C’est donc avant tout la psyché féminine que l’éducation doit transformer et spiritualiser. Il faut enseigner à la femme le grand et large sens du mot inspiratrice. Lorsque l’équilibre sera rétabli, après le conflit des sexes auquel nous assistons aujourd’hui, elle comprendra mieux, — son esprit s’étant élargi et débarrassé du préjugé d’après lequel l’ignorance et la puérilité sont des grâces de son sexe, — quel est le rôle auquel le plan divin la destinait. Et ainsi, le nombre des coupeurs d’ailes diminuera. La femme, rejetant loin d’elle les ciseaux avec lesquels tant de fleurs en germe ont été coupées, convaincra l’homme que lorsqu’il empêche des ailes de croître, sous le souffle gelé de son sarcasme, il commet un crime social dont il devra rendre compte, tout comme s’il avait contribué à tarir la vie physique d’un être humain.
CHAPITRE VI
LES FILS DE NARCISSE
Il est bien temps que l’humanité, comme Narcisse qui s’admirait à la fontaine, s’arrache enfin à cette contemplation stérile.
Grün.
Narcisse n’a pas laissé de descendants directs. Il est mort de la contemplation de sa propre beauté, avant d’avoir connu l’amour ; mais ses descendants indirects sont légion, et tous portent en eux-mêmes un principe identique de stérilité et de mort. Les mythes anciens ont des significations profondes, et les vérités qu’ils renferment peuvent s’appliquer encore à nos façons actuelles de vivre et de sentir.

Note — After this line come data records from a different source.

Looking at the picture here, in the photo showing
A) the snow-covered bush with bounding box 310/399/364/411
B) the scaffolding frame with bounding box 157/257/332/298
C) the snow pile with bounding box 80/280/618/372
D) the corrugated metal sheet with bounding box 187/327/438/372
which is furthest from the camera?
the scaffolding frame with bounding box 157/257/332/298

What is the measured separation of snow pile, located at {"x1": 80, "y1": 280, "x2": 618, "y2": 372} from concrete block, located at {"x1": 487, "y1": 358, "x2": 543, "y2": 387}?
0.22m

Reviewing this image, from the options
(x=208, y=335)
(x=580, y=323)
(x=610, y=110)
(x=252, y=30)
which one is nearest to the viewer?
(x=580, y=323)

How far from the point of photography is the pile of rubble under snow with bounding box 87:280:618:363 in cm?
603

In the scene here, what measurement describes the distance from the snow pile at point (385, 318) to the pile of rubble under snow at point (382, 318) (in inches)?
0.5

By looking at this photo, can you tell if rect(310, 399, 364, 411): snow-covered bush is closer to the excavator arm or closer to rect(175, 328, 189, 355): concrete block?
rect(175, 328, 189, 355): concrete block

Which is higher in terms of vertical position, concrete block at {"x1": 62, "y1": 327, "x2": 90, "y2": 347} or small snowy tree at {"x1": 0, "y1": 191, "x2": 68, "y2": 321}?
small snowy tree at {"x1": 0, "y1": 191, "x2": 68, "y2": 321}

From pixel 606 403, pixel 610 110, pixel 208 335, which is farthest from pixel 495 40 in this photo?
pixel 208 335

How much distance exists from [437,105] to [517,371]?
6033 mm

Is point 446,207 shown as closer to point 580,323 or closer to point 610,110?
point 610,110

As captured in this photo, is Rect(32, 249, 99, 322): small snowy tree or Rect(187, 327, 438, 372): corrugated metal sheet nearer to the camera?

Le sort lamentable du fils de Céphise menace toute une catégorie d’êtres, qui traînent une existence inféconde et aride au lieu de s’épanouir au soleil de l’amour, de la pitié, de la justice. Et personne ne songe à les sauver. Les philosophes et les psychologues s’occupent d’eux théoriquement, mais les moralistes et les éducateurs les abandonnent ; ils devraient, au contraire, donner, dans leurs préoccupations, une très large part aux maladies de la personnalité, c’est-à-dire chercher les moyens d’éviter qu’elles se développent, car enrayer leurs effets lorsqu’elles se sont déjà manifestées, demande des efforts démesurés et d’ordinaire inutiles.

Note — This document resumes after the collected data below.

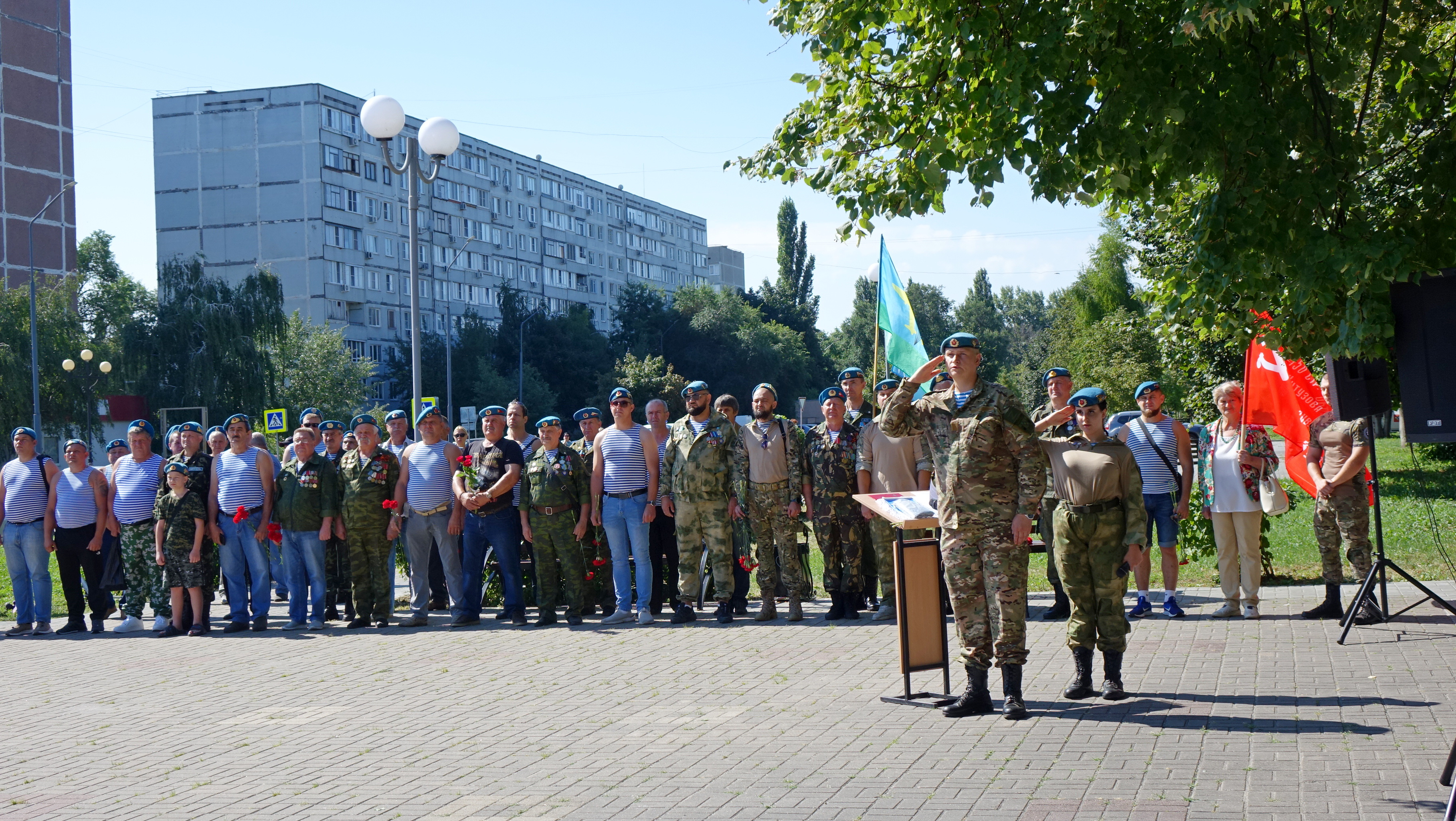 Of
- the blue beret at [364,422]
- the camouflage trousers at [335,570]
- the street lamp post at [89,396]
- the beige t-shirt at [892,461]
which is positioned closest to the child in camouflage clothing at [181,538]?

Si dans la vie domestique, sociale, politique, les rapports des hommes entre eux sont hérissés de difficultés, si tant de bonnes intentions avortent, si le bien est malaisé à mettre en pratique, si les plans les mieux établis s’écroulent sans raison apparente, il faut en chercher la cause bien plutôt dans l’excès du personnalisme que dans la méchanceté des hommes ou dans leurs vues intéressées, puisque ces mêmes difficultés surgissent entre des gens honnêtes qui, pris à part, aspireraient au bien, à l’activité harmonieuse des forces bonnes, mais qui n’ont pas désappris de sentir leur moi. Or, ce moi se dresse prépondérant dans toutes les circonstances, il aveugle, diminue, empêche…

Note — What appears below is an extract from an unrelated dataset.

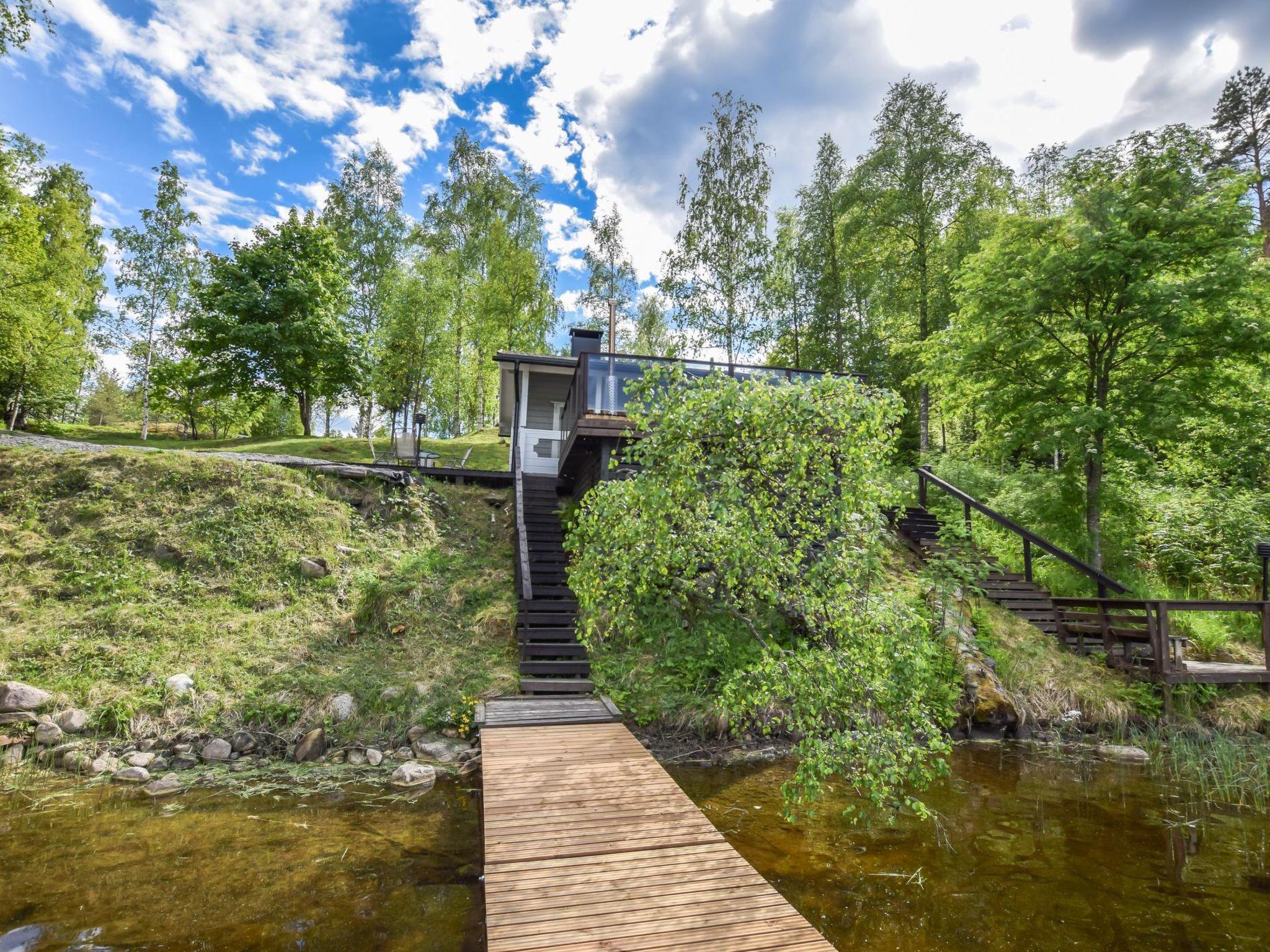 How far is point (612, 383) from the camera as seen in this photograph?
382 inches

Il suffit d’un peu d’attention pour constater le phénomène : le perfide conseiller est presque toujours le personnalisme. Dominateur secret de l’âme, il empoisonne ce qu’il touche, et l’on arrive plus facilement à étouffer un mauvais sentiment qu’à se soustraire à son subtil empire dont, parfois, on n’a même pas conscience.